Say "Hello" to OpenSK

An open sourced key implementation from Google.

Alasdair Allan
4 years agoSecurity
The Nordic nRF52840 Dongle. (📷: Nordic Semiconductor)

If a website or service offers it, you should should definitely be using two-factor authentication (2FA) to log on. Most of the major sites these days, like Google, Twitter, Facebook, and Apple’s iCloud provide some form of 2FA.

Now two-authentication is exactly what you might expect. To log into a site or service, you have to verify you’re the account owner in two separate ways. The first will almost always be by entering your password, yet the second method range from a temporary code sent to your phone via SMS, or using an authenticator app that generates a time-based one-time password (TOTP). However there is a less common, but generally more secure method, and that is using a hardware key.

For myself, I use Yubikey, as they do both a USB-C key, and another with an Apple Lightning connector. But recently, there have been a number of open source efforts to build keys, like the Somu and Solo keys.

Announced earlier today by Google, OpenSK joins these open source offerings. However unlike the projects we’ve seen to date, OpenSK is source code only. A FIDO2 authenticator implementation written in Rust as a Tock OS application, that supports both FIDO U2F and FIDO2 standards. OpenSK has been tested on the Nordic nRF52840 Dongle, but should be easily ported to other hardware.
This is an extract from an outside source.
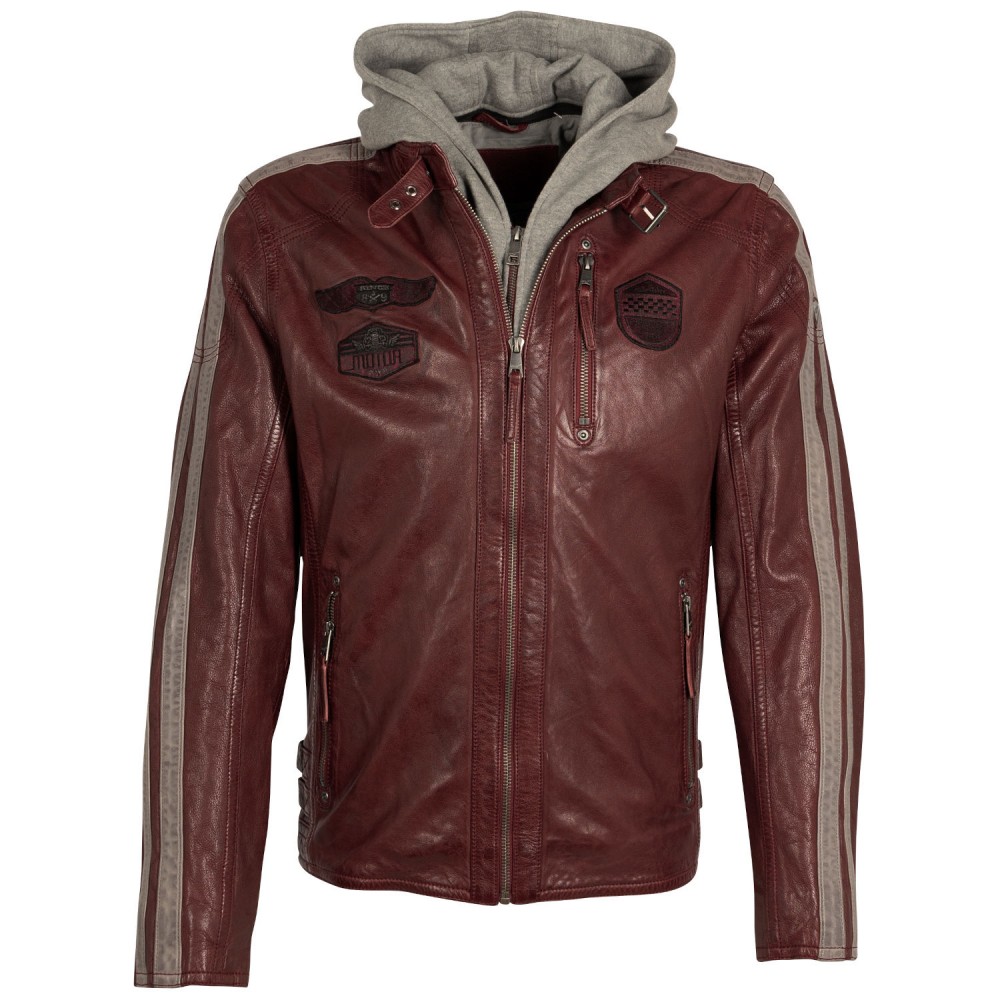 Geaca de Piele Barbati Mauritius Rosu Inchis MMAlecso - readytowear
“With this early release of OpenSK, you can make your own developer key by flashing the OpenSK firmware on a Nordic chip dongle. In addition to being affordable, we chose Nordic as initial reference hardware because it supports all major transport protocols mentioned by FIDO2: NFC, Bluetooth Low Energy, USB, and a dedicated hardware crypto core. To protect and carry your key, we are also providing a custom, 3D-printable case that works on a variety of printers.”
The OpenSK Demo. (📹: Elie Bursztein/Google)

Today’s release is an interesting move by Google. Their authenticator app is also, at least partially, also open source although the open source code has diverged from the version Google publishes to the App Stores. That code forms the basis of a lot of TOTP implementations, it’s certainly the code I used when I had to implement TOTP on iOS some years back. So you have to wonder whether this code will get use in a similar fashion.
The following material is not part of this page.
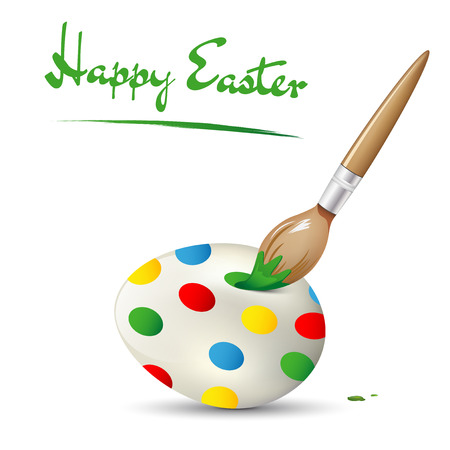 Happy Easter card with easter egg and painting brush - isolated on white background. Vector illustration.のイラスト素材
However be warned, Google says that the current release is ‘research quality.’

“We’re currently still in the process on making the Arm® CryptoCell-310 embedded in the Nordic nRF52840 chip work to get hardware-accelerated cryptography. In the meantime we implemented the required cryptography algorithms (ECDSA, ECC secp256r1, HMAC-SHA256 and AES256) in Rust as a placeholder. Those implementations are research-quality code and haven’t been reviewed. They don’t provide constant-time guarantees and are not designed to be resistant against side-channel attacks.”

Data breaches that leak your password information are very common. So no matter what type of 2FA authentication is offered by sites you use, even if it’s ‘only’ a one time password via SMS—which many security experts would criticise due to the possibility of SIM hijacking—you should use it. Because any second factor gives you more security than none at all. The best advice right now is to use a password manager, coupled with a hardware key for 2FA. Today’s software release by Google should make that just a little bit easier.